» **EXERCISE PROMPT**
Only one stretch of the listing below is wanted. Begin at the line that has "Penelope’s floral print", stop after the line that has "Aguascalientes continúa destacando", and repeat every line in between exactly.

» **INFORMATION GIVEN**
= Beginning of Section =

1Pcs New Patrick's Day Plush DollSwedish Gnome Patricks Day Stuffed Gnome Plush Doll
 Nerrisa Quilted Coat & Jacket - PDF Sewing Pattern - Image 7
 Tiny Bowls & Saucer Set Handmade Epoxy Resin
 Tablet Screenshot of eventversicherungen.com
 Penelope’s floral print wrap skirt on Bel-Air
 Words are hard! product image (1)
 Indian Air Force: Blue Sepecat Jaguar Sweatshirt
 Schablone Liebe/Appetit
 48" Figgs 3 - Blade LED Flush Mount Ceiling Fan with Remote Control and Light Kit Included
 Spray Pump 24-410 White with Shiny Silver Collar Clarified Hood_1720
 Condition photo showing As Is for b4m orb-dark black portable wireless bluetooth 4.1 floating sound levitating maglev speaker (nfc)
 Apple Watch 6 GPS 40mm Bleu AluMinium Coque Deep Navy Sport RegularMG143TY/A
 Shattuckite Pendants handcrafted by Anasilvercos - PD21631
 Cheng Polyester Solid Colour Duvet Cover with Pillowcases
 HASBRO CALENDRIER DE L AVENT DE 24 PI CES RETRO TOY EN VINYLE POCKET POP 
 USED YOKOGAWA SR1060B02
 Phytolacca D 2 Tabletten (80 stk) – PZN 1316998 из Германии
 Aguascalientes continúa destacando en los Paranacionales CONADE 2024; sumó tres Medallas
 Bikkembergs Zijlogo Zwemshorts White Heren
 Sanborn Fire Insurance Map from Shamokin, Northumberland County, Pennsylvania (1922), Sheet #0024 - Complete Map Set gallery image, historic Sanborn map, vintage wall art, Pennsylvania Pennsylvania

= End of Section =

» **SOLUTION**
 Penelope’s floral print wrap skirt on Bel-Air
 Words are hard! product image (1)
 Indian Air Force: Blue Sepecat Jaguar Sweatshirt
 Schablone Liebe/Appetit
 48" Figgs 3 - Blade LED Flush Mount Ceiling Fan with Remote Control and Light Kit Included
 Spray Pump 24-410 White with Shiny Silver Collar Clarified Hood_1720
 Condition photo showing As Is for b4m orb-dark black portable wireless bluetooth 4.1 floating sound levitating maglev speaker (nfc)
 Apple Watch 6 GPS 40mm Bleu AluMinium Coque Deep Navy Sport RegularMG143TY/A
 Shattuckite Pendants handcrafted by Anasilvercos - PD21631
 Cheng Polyester Solid Colour Duvet Cover with Pillowcases
 HASBRO CALENDRIER DE L AVENT DE 24 PI CES RETRO TOY EN VINYLE POCKET POP 
 USED YOKOGAWA SR1060B02
 Phytolacca D 2 Tabletten (80 stk) – PZN 1316998 из Германии
 Aguascalientes continúa destacando en los Paranacionales CONADE 2024; sumó tres Medallas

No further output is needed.